- _WORK INSTRUCTION_
Beginning with the line containing "വയനാട്ടിലേക്ക് ലഹരിവസ്തുക്കള്‍ ഒഴുക്കുന്നു: ഡിസംബറില്‍" and going on through the line containing "Custom Eurorack", the lines below are to be returned exactly, pictures excluded and nothing added.

- _STUDY MATERIAL_
•••••

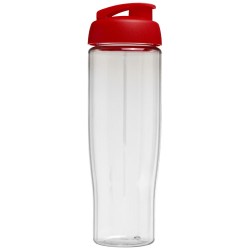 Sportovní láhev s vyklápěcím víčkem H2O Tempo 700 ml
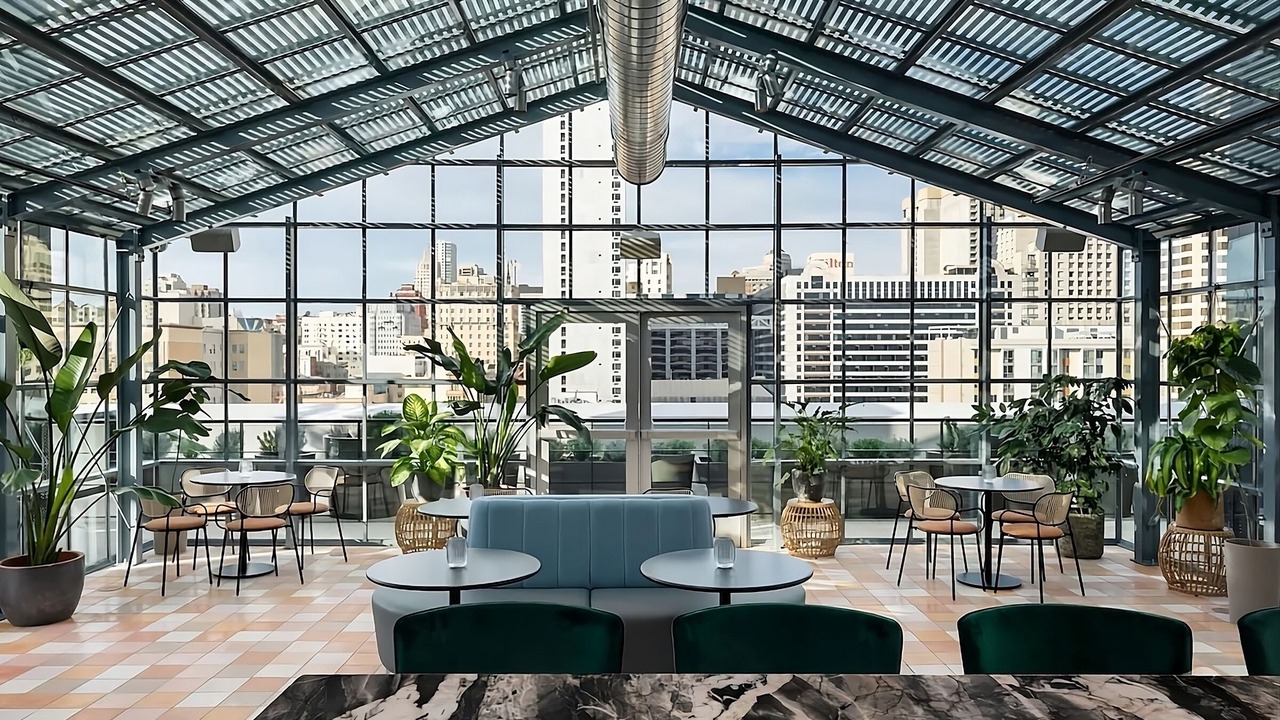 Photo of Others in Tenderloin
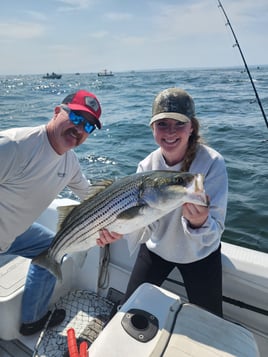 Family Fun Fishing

•••••

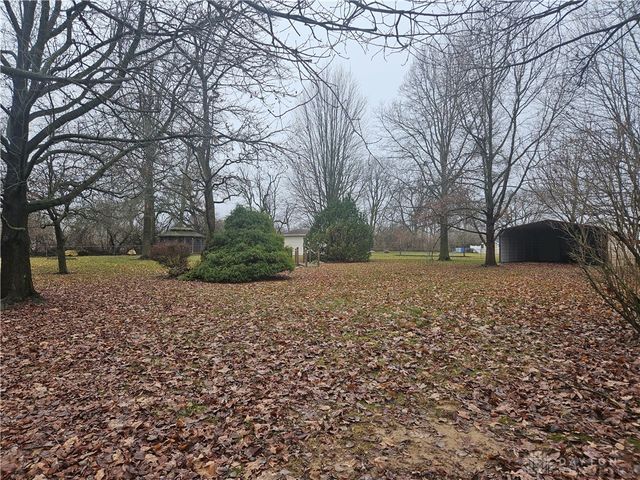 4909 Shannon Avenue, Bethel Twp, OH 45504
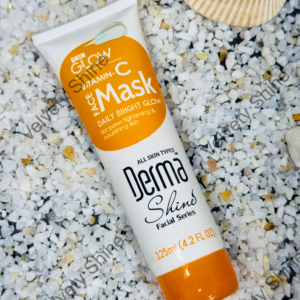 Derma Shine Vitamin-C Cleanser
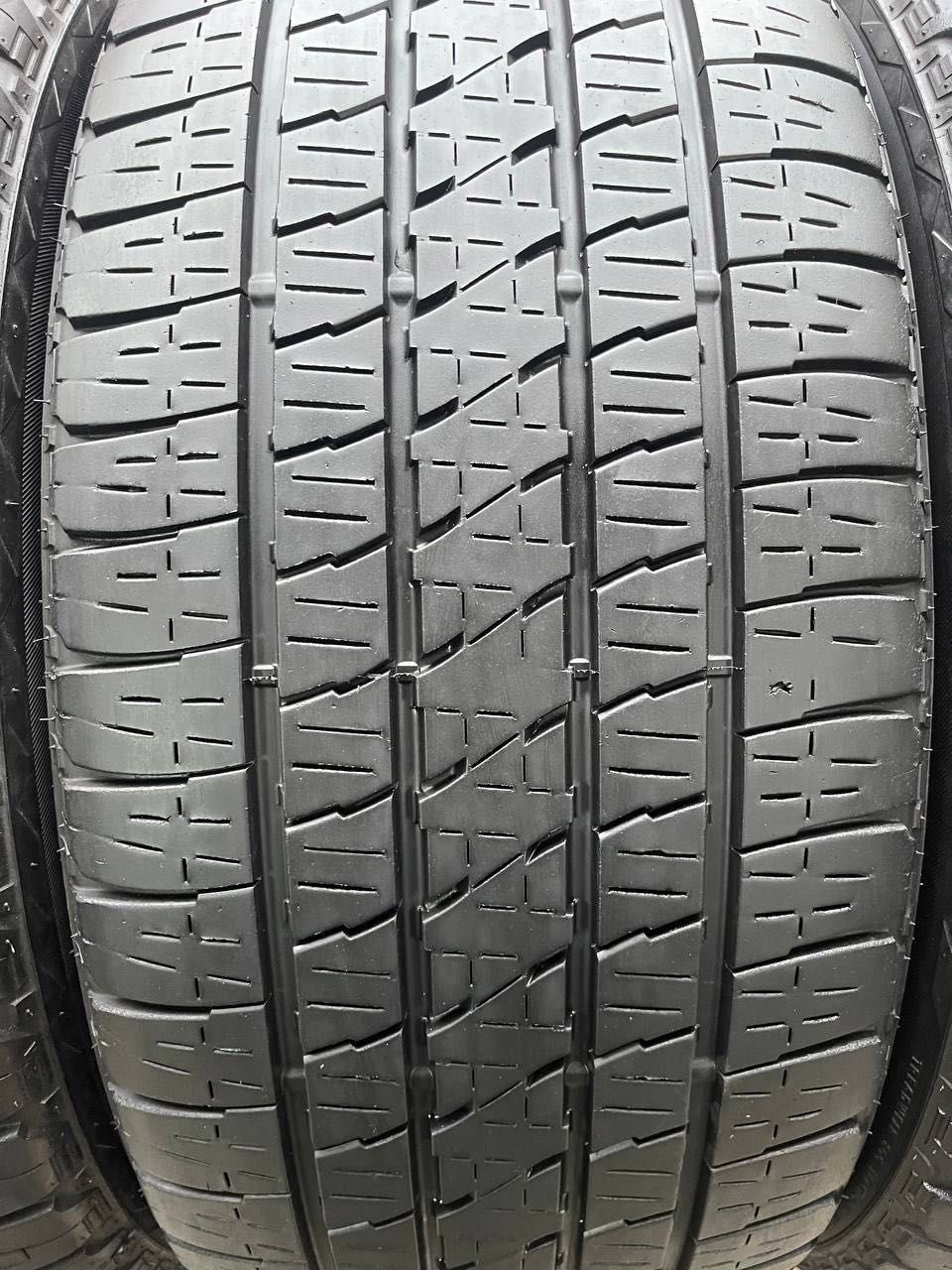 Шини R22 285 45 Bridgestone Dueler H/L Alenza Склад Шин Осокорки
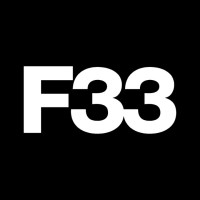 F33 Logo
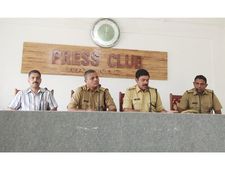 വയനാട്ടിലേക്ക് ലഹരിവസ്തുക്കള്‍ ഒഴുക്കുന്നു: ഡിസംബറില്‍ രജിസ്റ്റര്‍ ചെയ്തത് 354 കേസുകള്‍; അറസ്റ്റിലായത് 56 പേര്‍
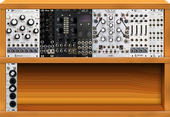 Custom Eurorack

•••••

- _WORKED SOLUTION_
 വയനാട്ടിലേക്ക് ലഹരിവസ്തുക്കള്‍ ഒഴുക്കുന്നു: ഡിസംബറില്‍ രജിസ്റ്റര്‍ ചെയ്തത് 354 കേസുകള്‍; അറസ്റ്റിലായത് 56 പേര്‍
 Custom Eurorack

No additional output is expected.